--- YOUR OBJECTIVE ---
Return only the number of lines in the data below where the word "миниатюра" appears.

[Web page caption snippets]
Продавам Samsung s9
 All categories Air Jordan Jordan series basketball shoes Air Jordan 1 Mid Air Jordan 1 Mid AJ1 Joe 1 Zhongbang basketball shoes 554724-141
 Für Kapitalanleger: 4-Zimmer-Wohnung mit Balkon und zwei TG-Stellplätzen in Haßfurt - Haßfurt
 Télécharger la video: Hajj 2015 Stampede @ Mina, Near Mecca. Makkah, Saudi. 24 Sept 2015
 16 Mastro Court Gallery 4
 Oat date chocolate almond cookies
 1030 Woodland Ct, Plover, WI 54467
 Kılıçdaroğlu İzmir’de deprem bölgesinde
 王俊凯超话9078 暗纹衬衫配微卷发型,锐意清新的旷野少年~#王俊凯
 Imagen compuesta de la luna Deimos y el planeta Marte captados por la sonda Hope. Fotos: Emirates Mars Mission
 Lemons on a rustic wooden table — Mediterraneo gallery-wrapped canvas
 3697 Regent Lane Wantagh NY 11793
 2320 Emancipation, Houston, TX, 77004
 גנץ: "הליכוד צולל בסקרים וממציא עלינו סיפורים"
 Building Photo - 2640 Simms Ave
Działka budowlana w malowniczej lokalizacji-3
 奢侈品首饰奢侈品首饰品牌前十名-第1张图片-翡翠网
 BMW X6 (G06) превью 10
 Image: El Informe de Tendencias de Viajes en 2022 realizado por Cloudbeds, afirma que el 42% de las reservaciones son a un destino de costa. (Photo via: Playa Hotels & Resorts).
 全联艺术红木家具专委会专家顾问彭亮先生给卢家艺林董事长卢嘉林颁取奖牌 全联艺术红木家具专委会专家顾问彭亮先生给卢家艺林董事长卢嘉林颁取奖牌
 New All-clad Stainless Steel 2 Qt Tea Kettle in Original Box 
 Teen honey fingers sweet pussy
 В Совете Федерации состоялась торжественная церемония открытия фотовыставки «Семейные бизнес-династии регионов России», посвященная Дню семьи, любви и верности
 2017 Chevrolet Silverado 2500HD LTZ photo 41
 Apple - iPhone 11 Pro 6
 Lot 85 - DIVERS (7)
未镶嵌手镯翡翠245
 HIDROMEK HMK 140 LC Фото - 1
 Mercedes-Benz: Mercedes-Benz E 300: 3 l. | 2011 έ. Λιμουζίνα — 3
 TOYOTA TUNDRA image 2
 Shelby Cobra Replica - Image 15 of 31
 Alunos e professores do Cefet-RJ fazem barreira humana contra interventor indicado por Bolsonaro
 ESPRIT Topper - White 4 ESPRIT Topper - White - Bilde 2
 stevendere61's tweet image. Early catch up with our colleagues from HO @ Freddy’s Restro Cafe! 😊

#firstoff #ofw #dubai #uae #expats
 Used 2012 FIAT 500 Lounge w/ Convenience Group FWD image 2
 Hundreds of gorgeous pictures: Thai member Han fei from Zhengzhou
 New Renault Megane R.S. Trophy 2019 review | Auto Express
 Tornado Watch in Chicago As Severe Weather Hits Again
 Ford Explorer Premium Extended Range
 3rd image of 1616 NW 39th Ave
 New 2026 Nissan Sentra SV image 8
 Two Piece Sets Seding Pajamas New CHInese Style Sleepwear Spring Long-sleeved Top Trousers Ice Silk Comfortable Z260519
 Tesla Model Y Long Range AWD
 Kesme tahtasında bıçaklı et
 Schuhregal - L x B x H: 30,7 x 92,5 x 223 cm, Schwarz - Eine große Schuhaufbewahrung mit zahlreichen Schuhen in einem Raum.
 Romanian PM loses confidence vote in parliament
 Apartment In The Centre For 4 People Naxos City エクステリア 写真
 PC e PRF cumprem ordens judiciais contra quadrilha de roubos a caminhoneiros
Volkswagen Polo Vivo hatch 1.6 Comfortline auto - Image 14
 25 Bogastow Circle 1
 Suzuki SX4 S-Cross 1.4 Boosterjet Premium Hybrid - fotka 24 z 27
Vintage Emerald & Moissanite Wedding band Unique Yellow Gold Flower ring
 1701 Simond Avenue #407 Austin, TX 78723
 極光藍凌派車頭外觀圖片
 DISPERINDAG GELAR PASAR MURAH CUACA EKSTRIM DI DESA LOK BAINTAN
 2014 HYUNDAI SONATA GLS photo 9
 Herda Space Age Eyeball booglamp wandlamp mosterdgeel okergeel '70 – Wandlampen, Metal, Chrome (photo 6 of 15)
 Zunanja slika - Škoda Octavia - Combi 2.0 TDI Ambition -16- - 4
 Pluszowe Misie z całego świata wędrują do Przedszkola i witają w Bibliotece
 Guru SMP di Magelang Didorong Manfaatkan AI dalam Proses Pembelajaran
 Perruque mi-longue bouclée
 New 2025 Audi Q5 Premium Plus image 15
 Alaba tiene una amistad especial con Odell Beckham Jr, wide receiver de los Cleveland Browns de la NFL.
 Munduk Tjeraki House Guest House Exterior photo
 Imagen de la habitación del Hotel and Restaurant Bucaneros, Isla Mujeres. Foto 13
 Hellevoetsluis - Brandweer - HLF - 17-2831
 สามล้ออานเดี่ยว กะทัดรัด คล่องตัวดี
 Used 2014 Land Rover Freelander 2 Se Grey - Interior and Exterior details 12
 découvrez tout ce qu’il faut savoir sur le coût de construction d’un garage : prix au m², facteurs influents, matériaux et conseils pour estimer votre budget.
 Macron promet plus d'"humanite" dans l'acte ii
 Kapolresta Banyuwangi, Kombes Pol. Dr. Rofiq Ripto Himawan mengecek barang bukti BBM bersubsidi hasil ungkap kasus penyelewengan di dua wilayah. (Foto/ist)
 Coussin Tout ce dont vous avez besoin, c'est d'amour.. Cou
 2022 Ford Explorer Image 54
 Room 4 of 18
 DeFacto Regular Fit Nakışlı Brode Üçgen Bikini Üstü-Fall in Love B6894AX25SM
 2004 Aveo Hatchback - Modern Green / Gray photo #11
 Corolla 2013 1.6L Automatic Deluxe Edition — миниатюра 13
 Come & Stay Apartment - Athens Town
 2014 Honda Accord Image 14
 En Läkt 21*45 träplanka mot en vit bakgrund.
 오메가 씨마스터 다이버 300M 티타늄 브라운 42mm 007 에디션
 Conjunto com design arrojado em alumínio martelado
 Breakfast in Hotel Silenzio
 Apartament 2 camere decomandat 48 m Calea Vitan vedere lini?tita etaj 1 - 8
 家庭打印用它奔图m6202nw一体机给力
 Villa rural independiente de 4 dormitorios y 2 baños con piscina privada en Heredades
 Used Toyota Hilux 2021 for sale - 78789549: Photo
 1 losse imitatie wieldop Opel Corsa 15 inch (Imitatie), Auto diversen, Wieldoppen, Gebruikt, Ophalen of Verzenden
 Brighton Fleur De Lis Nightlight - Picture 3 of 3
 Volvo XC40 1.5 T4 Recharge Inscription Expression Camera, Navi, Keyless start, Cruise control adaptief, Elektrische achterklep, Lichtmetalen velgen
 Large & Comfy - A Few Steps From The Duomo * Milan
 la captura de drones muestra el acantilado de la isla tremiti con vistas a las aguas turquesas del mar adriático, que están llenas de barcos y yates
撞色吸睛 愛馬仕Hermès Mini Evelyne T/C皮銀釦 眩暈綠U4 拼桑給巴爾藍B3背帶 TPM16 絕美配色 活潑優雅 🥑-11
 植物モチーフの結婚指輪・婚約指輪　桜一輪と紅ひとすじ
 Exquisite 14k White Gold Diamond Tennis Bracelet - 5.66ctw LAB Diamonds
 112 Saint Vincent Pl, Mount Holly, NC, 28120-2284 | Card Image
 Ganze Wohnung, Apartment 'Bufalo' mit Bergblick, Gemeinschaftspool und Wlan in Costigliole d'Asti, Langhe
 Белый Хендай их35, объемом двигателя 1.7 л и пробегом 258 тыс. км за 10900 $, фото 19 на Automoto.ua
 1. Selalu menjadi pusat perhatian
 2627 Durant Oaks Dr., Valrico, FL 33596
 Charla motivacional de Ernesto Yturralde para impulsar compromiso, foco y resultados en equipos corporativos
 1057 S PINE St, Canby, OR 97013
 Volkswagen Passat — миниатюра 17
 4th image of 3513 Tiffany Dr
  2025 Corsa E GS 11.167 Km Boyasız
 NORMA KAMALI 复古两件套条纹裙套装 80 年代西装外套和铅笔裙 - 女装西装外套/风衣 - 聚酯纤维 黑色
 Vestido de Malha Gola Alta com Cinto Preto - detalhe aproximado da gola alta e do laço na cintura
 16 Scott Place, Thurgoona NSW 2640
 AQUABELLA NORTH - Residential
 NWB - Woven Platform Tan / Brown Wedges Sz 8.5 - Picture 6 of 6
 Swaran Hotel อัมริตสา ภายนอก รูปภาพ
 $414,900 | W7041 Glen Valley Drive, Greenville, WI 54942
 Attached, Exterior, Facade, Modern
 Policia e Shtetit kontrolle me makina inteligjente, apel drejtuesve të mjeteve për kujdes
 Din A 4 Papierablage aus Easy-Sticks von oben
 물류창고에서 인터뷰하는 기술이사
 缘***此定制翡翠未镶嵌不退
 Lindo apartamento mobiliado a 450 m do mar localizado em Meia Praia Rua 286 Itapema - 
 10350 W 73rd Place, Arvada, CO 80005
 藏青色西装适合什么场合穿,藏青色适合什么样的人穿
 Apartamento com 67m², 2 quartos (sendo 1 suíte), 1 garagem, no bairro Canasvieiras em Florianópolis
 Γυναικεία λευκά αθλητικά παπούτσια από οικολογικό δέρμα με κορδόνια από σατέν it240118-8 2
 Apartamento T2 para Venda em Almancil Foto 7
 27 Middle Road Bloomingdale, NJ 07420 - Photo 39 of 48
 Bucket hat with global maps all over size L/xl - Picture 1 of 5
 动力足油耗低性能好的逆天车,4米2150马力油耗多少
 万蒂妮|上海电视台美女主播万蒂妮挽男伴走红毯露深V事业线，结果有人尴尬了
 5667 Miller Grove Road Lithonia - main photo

--- SOLVED EXERCISE ---
2